So let’s talk Rooster Teeth.The company best known for capitalizing on the Machinima boom of the early mid to late 2000’s, eventually pivot to RWBY, and then die an inglorious death. I won’t go over the whole sordid history of the company but it’s important to know that by the time of their death they were considered a bit of a joke of a company that didn’t know how to run one and didn’t know how to make quality stories. This is important because this wasn’t always true. There was a time when Rooster Teeth had one of the best sci-fi stories on the shelves in the form of their Halo parody Red Vs Blue.

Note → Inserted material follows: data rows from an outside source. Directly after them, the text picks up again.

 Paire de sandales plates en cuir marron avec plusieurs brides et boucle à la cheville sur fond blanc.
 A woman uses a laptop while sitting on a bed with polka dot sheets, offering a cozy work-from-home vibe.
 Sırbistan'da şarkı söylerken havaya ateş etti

The story of Red soldiers and Blue soldiers being put in a box canyon in the middle of nowhere for reasons they don’t know or care for and just being the worst soldiers slowly evolves to create more and more complex but still inherently comedic stories throughout its first 5 seasons. However as the title already spoiled our story really starts at season 6. This is when the writing took a turn for the truly serious, explaining away more comedic plot points and recontextualizing almost everything that has happened to the characters so far as in one way or another a plot by one man.
Season 6 starts with the last member of the mysterious freelancer program, Agent Washington going to collect the Reds and Blues for a mission to take down the other main remains of the Freelancer Program, The Meta. A man who was the worst of the freelancer program given form. A man corrupted by power, unable to even speak now, more beast than man as he’s directed by fragments of an AI to try to become whole again. I won’t do a play by play of the entire season, but throughout it we learn more about the mysterious Director via letters between him and an oversight committee that are looking over his work due to it being funded with military money.

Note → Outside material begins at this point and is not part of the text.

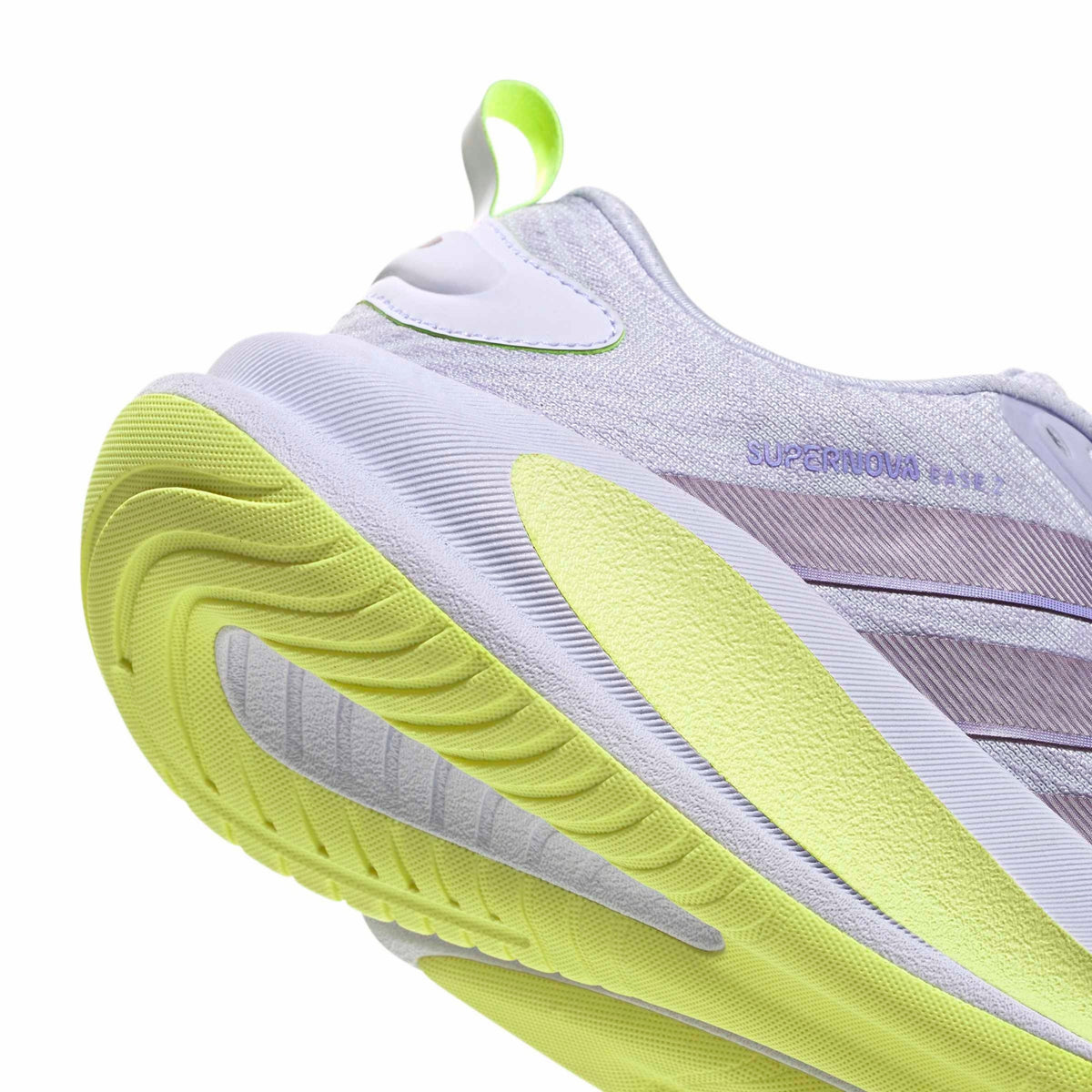 Close-up of a running shoe showing the heel and midsole, featuring a white and light purple upper with a bright neon yellow-green sole and pull tab, on a white background.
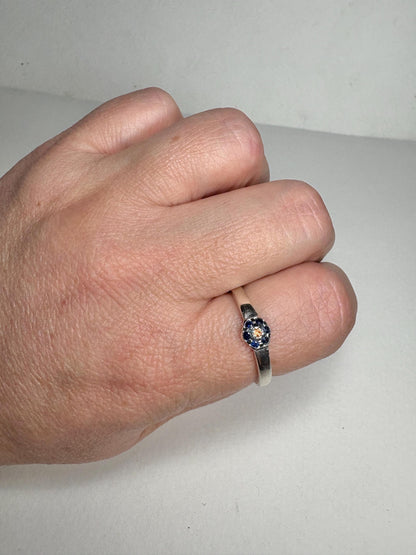 Sterling silver ring with a central gold sapphire and blue sapphire halo.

Most of these letters are just to build up suspense but at the end of the season we learn two important facts. That the full AI was shattered into smaller fragments via mentally torturing it until it shed pieces of its personality in order to forget the horrors. With them going back to torture it again every time they wanted a new AI fragment. These fragments were then implanted into the Freelancers of the freelancer program to help run their advanced armor and equipment. This is how The Meta was born. Too many AI in one person’s head. All of them are victims to one man’s evil.

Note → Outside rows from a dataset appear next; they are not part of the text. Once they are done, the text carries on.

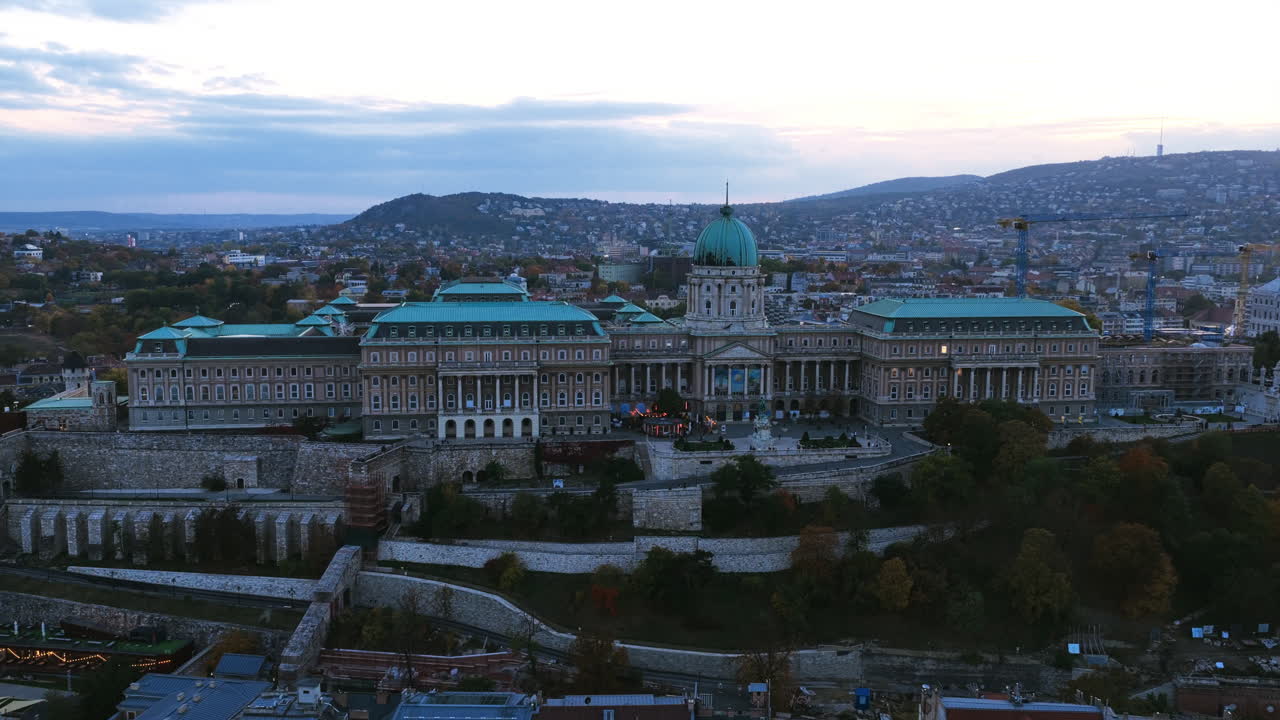 The grand Buda Castle dominates the skyline as it rests majestically atop Castle Hill, framed by autumn colors and evening light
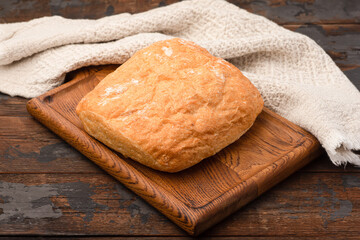 Bread, baguette, boton, rye on a wooden background.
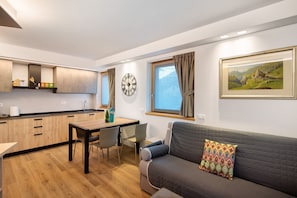 A modern kitchen with wooden cabinets, a dining table with chairs, a sofa with a patterned pillow, a clock, and a framed landscape painting on the wall.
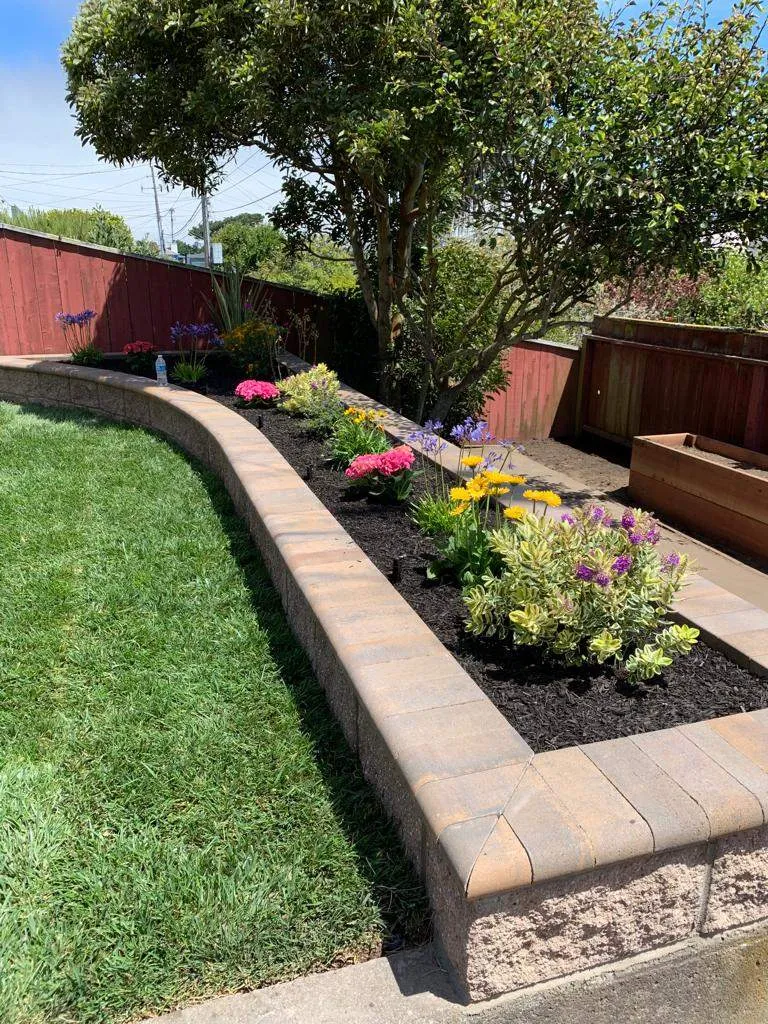 Low curved block planter wall with flowering plants beside a green lawn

The other thing we learn is that AI in this world are based on an existing person, an existing personality. The personality used to build the original AI in this case is the Director’s own. His entire motivation is because he lost someone he loved to war and wanted to prove that if he was given the chance he could’ve been the type of man who could’ve saved her. Reducing himself to a nub of a human being twice over, both a sharp blade that will cut down anyone in his way while also becoming a dull point, unable to do anything in a world that’s so much bigger than his one moment of trauma. The way this all ties into the actual protagonists is besides them unknowingly being a small cog in his larger machinations that one of the characters turns out to be someone deeply affected by those machinations. That character then has to go through the same experience as the Director (Kinda, it’s complicated) and unlike him learn to let go and move on.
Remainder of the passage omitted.